With much of the nation working from home people are having to adapt to a whole new way of working. Many are getting to grips with it as the new normal, and many employers are saying they intend to keep remote working even when the epidemic is over. However, there is a lot of confusion over the different meanings of “home working”, “remote working” and “flexible working”.
COVID-19 has made home-working essential for many employees. Not everyone likes it and employers shouldn’t think it is some kind of treat. Most home-workers find they are spending more time at their desk rather than less.
Most British people are used to a 9-5 working day, interrupted by a snack lunch and the odd coffee break, but is this even feasible when working in your own makeshift office? Who covers your desk while you fetch food or need the restroom? Zoom or Teams calls seem to dominate every hour, and there are often heaps of extra work to cover for team members off-sick or in isolation. With less support and spare cash around it is hard to put a client’s work on the back burner. For many of us “no more 9-5” means 7-10.
The “home office” is a bit of a myth. Often it means a table in the corner. Those who share houses have to contend for space and deal with constant interruptions. Children understand it when you are out, but not why you ignore them when you are in. Your phone is critical for work but still receiving domestic calls, and each time you get up for a breather you are faced with household chores waiting to be done. If you can’t focus, you end up working into the early hours and the fatigue wears you down. The self-employed could have told you – home working is no bed of roses. There are also thousands of people to tell you it can work, and it is worth it.
As the name implies, flexible working is flexible: it can mean working from home for certain days or hours, going part-time for a while, job-sharing arrangements, or being allowed to compress your contracted hours into long and short shifts. It basically means you can vary when and where you work providing the job gets done. It also means letting your worker come into the office to do a 9-5 if they want to – many will.
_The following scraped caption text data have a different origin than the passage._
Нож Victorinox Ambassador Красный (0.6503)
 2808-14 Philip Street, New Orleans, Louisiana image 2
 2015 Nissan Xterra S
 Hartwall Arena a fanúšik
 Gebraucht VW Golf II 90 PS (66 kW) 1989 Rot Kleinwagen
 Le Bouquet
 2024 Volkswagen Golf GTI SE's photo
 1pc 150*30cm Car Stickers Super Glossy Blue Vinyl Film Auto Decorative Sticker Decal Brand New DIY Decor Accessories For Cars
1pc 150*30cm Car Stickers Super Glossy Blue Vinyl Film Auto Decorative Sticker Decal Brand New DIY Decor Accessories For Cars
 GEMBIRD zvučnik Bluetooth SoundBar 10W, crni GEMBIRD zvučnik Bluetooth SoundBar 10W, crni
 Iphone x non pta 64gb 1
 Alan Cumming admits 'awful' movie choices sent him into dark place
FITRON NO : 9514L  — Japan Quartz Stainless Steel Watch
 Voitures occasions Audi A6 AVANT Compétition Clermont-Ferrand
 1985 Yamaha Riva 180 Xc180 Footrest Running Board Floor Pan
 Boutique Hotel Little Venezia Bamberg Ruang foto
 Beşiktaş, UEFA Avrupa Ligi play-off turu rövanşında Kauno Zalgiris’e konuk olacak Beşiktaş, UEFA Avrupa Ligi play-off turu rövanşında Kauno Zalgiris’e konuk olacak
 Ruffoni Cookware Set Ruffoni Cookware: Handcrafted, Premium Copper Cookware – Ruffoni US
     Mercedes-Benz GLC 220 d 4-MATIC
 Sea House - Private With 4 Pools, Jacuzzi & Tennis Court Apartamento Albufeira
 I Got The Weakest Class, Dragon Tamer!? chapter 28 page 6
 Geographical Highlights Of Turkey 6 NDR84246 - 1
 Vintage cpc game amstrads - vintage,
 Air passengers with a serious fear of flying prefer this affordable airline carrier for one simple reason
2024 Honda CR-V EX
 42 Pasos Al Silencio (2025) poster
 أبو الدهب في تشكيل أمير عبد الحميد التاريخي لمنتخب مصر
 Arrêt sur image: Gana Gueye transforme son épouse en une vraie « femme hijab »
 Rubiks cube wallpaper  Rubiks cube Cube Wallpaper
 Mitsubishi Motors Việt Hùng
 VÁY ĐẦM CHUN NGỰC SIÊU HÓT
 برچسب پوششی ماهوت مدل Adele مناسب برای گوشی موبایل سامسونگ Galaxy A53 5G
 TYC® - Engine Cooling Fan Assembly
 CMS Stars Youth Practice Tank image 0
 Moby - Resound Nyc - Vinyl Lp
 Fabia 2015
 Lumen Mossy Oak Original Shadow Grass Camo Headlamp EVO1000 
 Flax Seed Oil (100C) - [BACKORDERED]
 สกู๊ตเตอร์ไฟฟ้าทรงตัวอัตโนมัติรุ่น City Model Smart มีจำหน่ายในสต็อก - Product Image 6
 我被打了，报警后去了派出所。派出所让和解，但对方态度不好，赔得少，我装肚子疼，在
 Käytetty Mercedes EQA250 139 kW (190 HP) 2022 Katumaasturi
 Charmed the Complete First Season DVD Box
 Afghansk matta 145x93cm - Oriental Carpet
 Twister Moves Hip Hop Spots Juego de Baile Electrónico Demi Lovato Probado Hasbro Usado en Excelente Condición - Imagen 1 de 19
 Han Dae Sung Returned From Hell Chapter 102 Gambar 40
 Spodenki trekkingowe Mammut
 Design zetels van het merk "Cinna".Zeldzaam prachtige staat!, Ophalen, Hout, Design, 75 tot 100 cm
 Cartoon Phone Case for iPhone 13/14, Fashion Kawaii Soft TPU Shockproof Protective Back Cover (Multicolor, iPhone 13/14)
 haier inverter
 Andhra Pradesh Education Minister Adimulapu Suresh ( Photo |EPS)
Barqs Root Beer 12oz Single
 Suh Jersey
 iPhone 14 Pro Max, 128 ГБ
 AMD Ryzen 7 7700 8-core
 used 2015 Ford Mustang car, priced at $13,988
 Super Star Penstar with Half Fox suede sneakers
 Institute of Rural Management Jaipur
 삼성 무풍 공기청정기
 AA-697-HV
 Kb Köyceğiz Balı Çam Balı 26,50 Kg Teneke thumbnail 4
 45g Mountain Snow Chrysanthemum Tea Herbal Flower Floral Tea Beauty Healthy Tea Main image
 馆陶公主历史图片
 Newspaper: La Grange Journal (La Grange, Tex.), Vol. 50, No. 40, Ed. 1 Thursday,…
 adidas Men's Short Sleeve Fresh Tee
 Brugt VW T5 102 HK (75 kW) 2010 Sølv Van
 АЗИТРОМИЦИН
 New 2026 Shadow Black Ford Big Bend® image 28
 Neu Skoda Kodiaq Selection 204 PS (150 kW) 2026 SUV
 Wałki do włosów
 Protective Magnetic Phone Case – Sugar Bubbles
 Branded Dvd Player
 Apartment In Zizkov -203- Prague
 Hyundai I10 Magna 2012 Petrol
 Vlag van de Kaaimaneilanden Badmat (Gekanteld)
Flexibility is great for people with young families or other family members to care for, or who have two jobs, or who want to study. Some people hate flexibility, others love it – and work better as a result but the main advantages for employers is economic – they need less desks, chairs, computers and office space and their utility bills are lower. Because employees save money on petrol, season tickets and childcare fees they can afford to take jobs that pay less money. That means smaller businesses who can’t afford high wages can procure skilled staff who otherwise would have been unaffordable.
Not all jobs can be flexible. Nurses and firefighters can hardly choose to be on duty when it suits them, and most 9-5 shops need 9-5 workers. However, if your workload can be adequately covered you have a right to ask your employer for flexible work arrangements. In fact, employers who refuse in unreasonable circumstances (for example, your motive is pregnancy related and the proposed arrangement still allows you to do your job) they risk litigation for discrimination or unfair dismissal.
The main risk for inflexible employers however is getting left behind by more progressive and sensible companies.
Home working is one type of remote working but so too is completing work on the train with a laptop or accessing office documents from a layby on your smartphone. Remote working is made possible by digital services and media; websites, Cloud software, VPNs, IP telephony, instant messaging, conferencing software and social media platforms.
Remote working is potentially a huge asset for both employees and employers. Without it, the lockdown would be economically impossible. Without it – commuting is a pure waste of time. Without it, the logistics of organising mobile engineers, drivers and salespeople would be half as efficient. The ability to support remote workers also allows employers to be flexible – and that attracts and retains their valuable skilled workforce.
It is no coincidence that the businesses that have done worst during the lockdown – bars and restaurants – are those least able to work remotely. Now that COVID-19 has drummed the lesson in, every business should be improving its web presence and re-structuring itself on platforms that support more flexible kinds of work pattern – such as the Cloud.